# Copper Sunset



## HotPinkHeels (Apr 5, 2008)

Another 'sunset' style tutorial, this time I'm using rich coppers and deep oranges.  Items used:
*Mac paintpot in Bare Study
*Mac Magic Dust
*Mac Nylon
*Mac Coppering
*Mac Rule
*Mac Embark
*Too Faced foiled liner in Black Beauty
*Diorshow Blackout

Apply your base to the entire lid and brow area, using gentle dabbing motions







Take a fluffy brush and apply * Mac Magic Dust * to the inner lid and inner lower lashline.











Again with a fluffy brush apply * Mac Nylon * to the brow bone, blending into * Magic Dust *











Using a tapered brush apply * Mac Coppering * to your crease blending between the two other eyeshadows you have applied. As * Coppering * is quite pigmented start with a little, and build up to the right amount.

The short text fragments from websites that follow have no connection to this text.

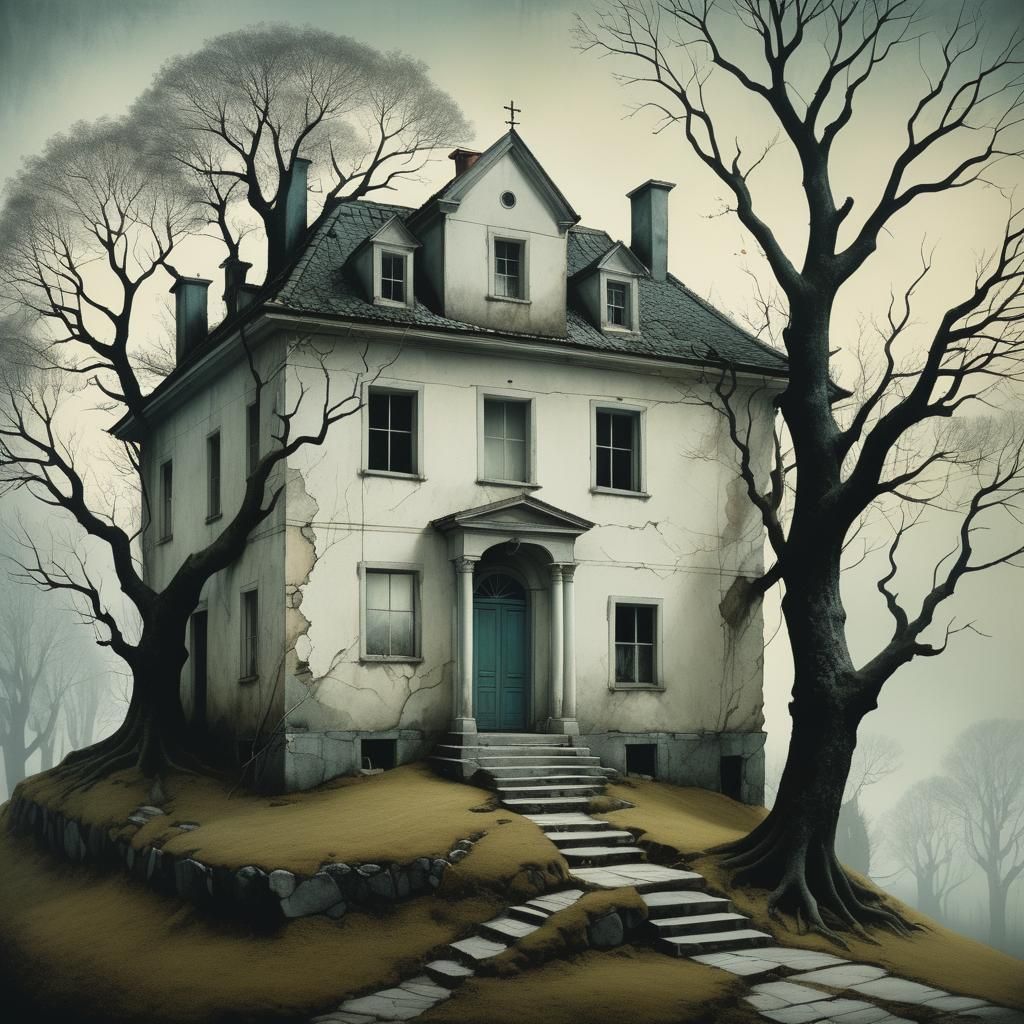 Girl Flees Occult House: Surreal Photography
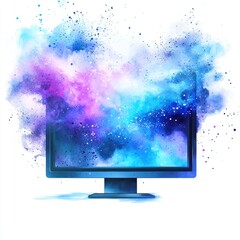 Fototapete - A digital monitor with vibrant blue and purple cosmic clouds bursting out, symbolizing creativity, technology, and limitless digital imagination, on white background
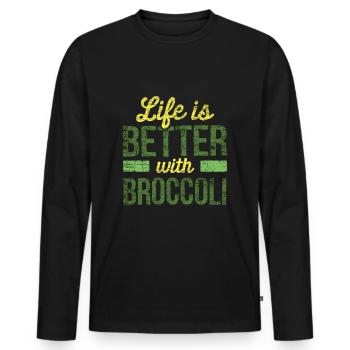 brocoli - T-shirt manches longues Premium bio Homme - noir - Devant - Nico (187cm)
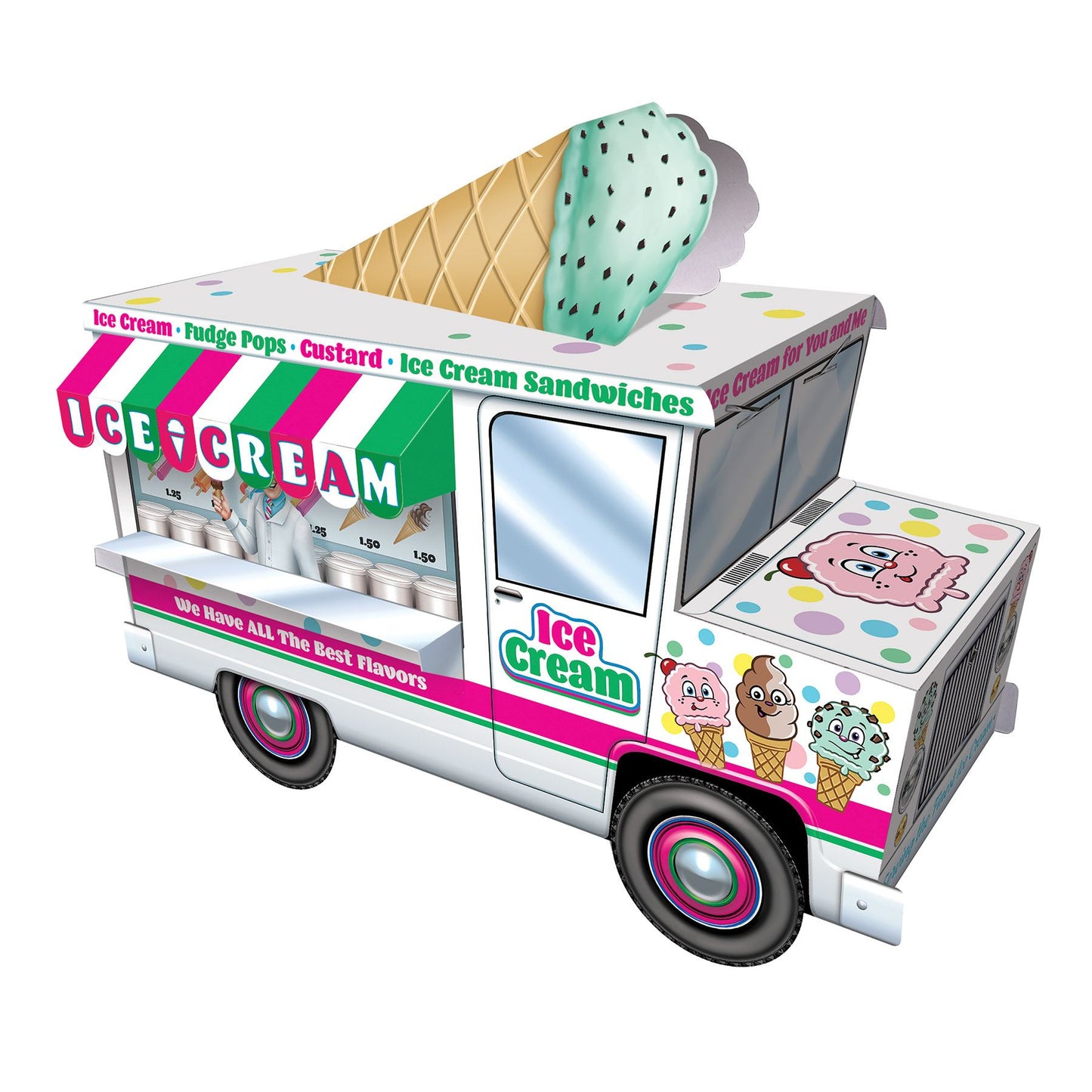 Beistle 3-D Ice Cream Truck Centerpiece   (1/Pkg) Party Supply Decoration : Spring/Summer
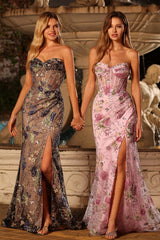Sparkly Pink Floral Mermaid Strapless Corset Prom Dress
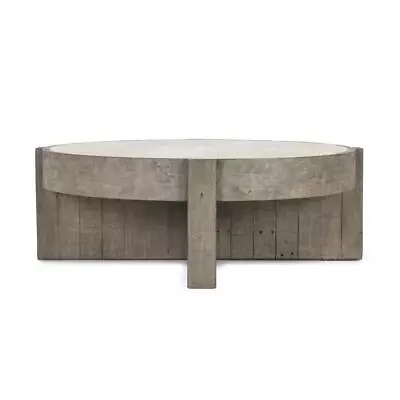 Sonoma 52  Round Reclaimed Pine Coffee Table In Distressed Gray • $1260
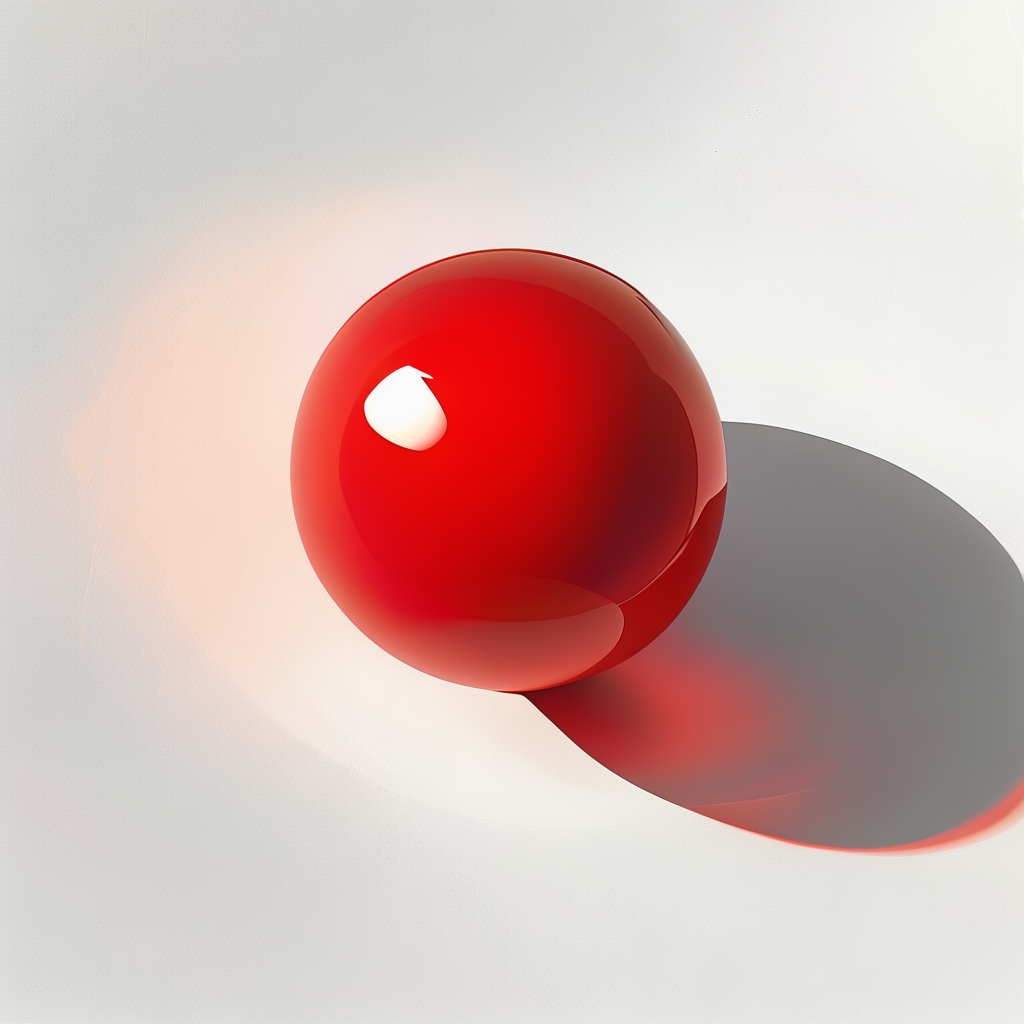 A red sphere on a white surface with a single shadow cast to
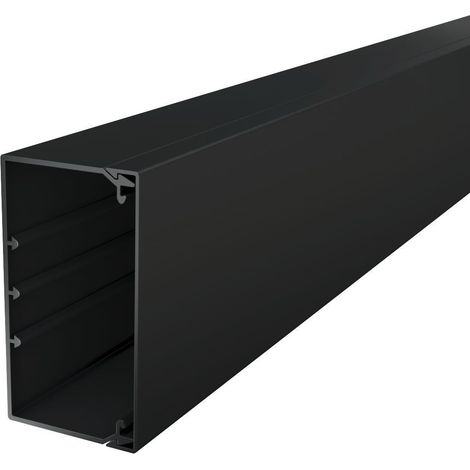 OBO Bettermann Canal de pared y techo con perforación en el fondo 2000x110x60 Cloruro de polivinilo negro intenso RAL 9005, 6022018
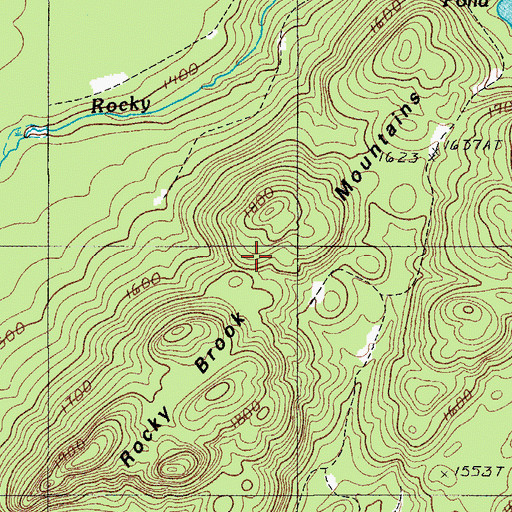Topographic Map of Rocky Brook Mountains, ME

Then apply * Mac Rule * to the outer lid area, blending into * Coppering * and * Magic Dust *






So far, you should have something that looks like this:






Take a little more of your * Mac Rule * and apply to the lower outer lashline.











Using the same brush that you used for your crease, take a small dab of * Mac Embark * and apply to the very outer corner, blending into the crease.






Apply your * Too Faced Black Beauty liner * or any Black pencil liner that you have, to the inner lower waterline.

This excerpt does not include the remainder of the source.